A far greater discrepancy between photometric and spectroscopic parameters is present in derived log(g) values. The RGB side of Figure 5 clearly shows a trend between adopted final ${{T}_{{\rm eff}}}$ and Δlog(g) values (definition given above). In the upper panel of this figure, we have included the Lee05 Δlog(g) values, which exhibit a slight upward trend of Δlog(g) with increasing (B−V) temperature. Our data (middle and bottom panel) shows a similar trend. In the specific case of star 160, Lee05 derive a spectroscopic log(g) of 0.0 dex, whereas we were unable to derive a spectroscopic log(g) value. For the photometric log(g), Lee05 derive a value of 0.7 dex, close to our value of 0.65 dex. Given difference in adopted distance modulus and reddening value, this discrepancy is not serious. For star 117, Lee05 derive a spectroscopic log(g) of 0.3 dex. We were again unable to derive a spectroscopic log(g). The photometric log(g) values are very close, with ours being 0.75 and Lee05 giving a value of 0.8. The average difference between the photometric and spectroscopic log(g) obtained by Lee05 is ${\Delta }{\rm log} (g)=0.67{\rm dex}\ (\sigma =0.10)$, while the difference between our photometric and COMB log(g) values is only ${\Delta }{\rm log} (g)=0.47{\rm dex}\ (\sigma \;=\;0.18)$.

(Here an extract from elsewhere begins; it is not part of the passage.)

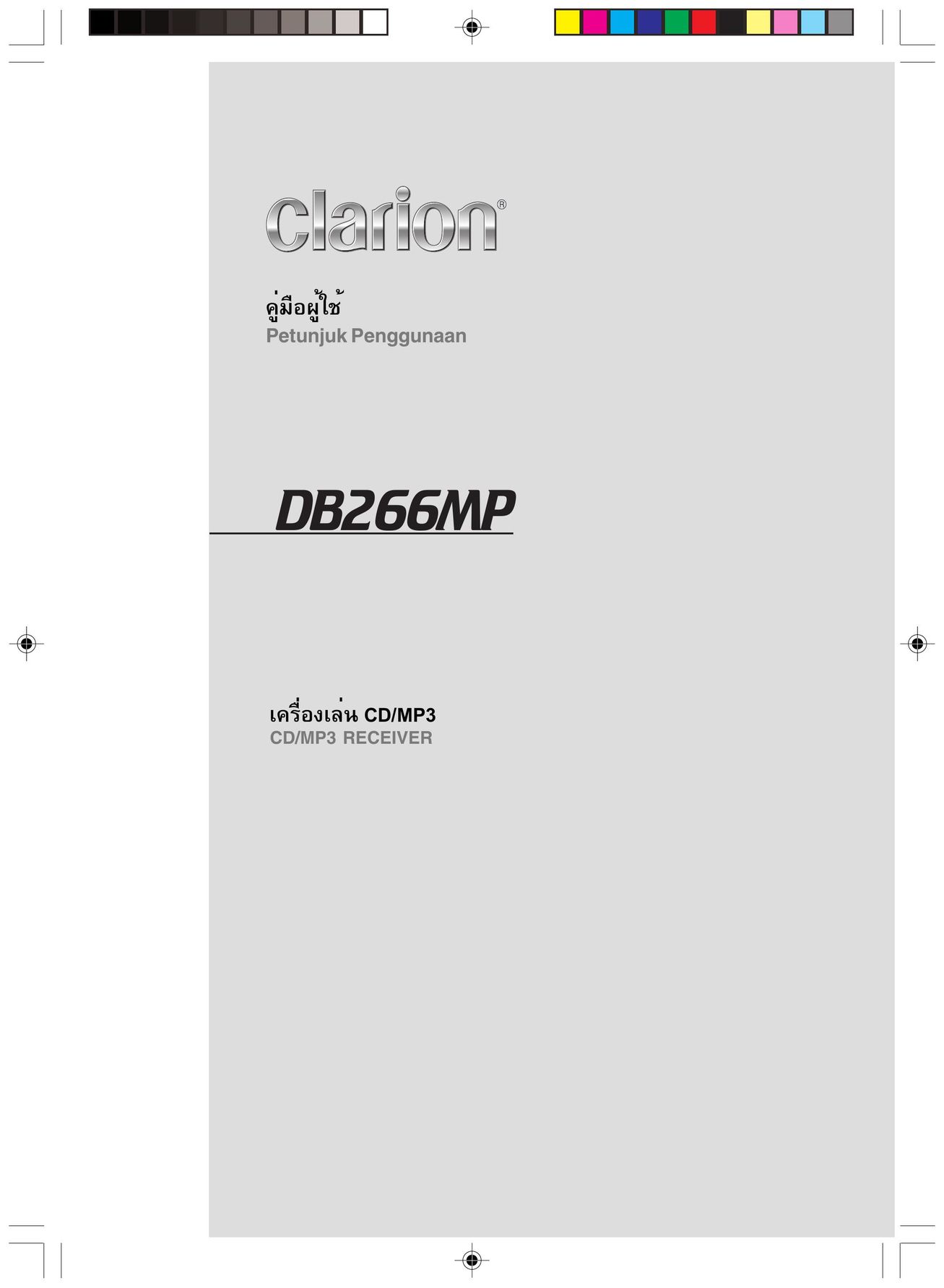 Clarion DB266MP MP3 Player User Manual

The purely photometric study of Carretta et al. (2009, hereafter Car09) also has two RGBs in common with our study, 57 and 79. Since Car09 employed nearly identical ${{(m-M)}_{V}}$ and (B−V) values, differences between our COMB and their final parameters are: −43 K in ${{T}_{{\rm eff}}}$ and −0.31 in log(g) for star 57, while star 79 exhibits differences of −29 K in ${{T}_{{\rm eff}}}$ and −0.44 in log(g). Given the difficulties of analyzing extreme RGB tip stars such as 160 and 117, we lend more weight to the differences between our study and Car09, which, as just demonstrated, are not severe.

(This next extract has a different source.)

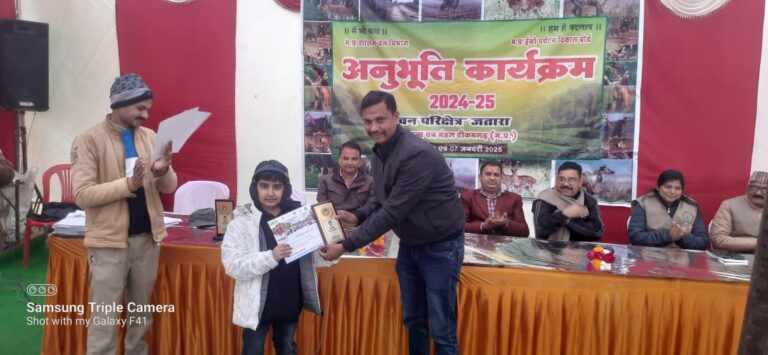 IMG_20250107_140405_230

The Δlog(g) comparisons for our RHB stars are shown on the right side of Figure 5. The top panel shows the Sob11 M15 data, which seems to exhibit a fairly strong Δlog(g)–${{T}_{{\rm eff}}}$ trend if compared to our data (middle and bottom panel). Our COMB Δlog(g) values give $\langle {\Delta }{\rm log} (g)\rangle$ = $0.22\ (\sigma \;=\;0.09)$, while $\langle {\Delta }{\rm log} (g)\rangle$ = $0.72\ (\sigma \;=\;0.41)$ for our SPEC parameters. The Sob11 data exhibit $\langle {\Delta }{\rm log} (g)\rangle$ = $0.36\ (\sigma \;=\;0.38)$. Clearly, the average differences (dashed lines) as well as Δlog(g)–${{T}_{{\rm eff}}}$ trends are minimized for our COMP parameters in both the RGB and RHB stars.

As alluded to in Section 3.1, all of our derived log(g) values would be ∼0.2 dex lower if we had adopted the Meléndez & Barbuy (2009) based Fe ii log(gf) values, instead of the NIST values. Hence, the ${\Delta }{\rm log} (g)$ values in Figure 5 would be enhanced by about 0.2 dex. However, even with such an enhanced difference, the current ${{T}_{{\rm eff}}}$ trends would still exist. An additional effect that we have neglected so far is the temperature dependence of the physical log(g) equation given in Section 4.1. To quantify this effect, we adopted our SPEC temperatures to determine photometric log(g) values, which lowered all of our physical log(g) values by ∼0.1 dex. Since this value is much lower than our typical log(g) uncertainties (see Table 5), we can safely disregard the ${{T}_{{\rm eff}}}$ dependence of the photometric log(g). In fact, ${{T}_{{\rm eff}}}$ changes of 600 K or more are needed to reproduce log(g) shifts equivalent to our derived log(g) uncertainties. Please see Section 4.6 for more details.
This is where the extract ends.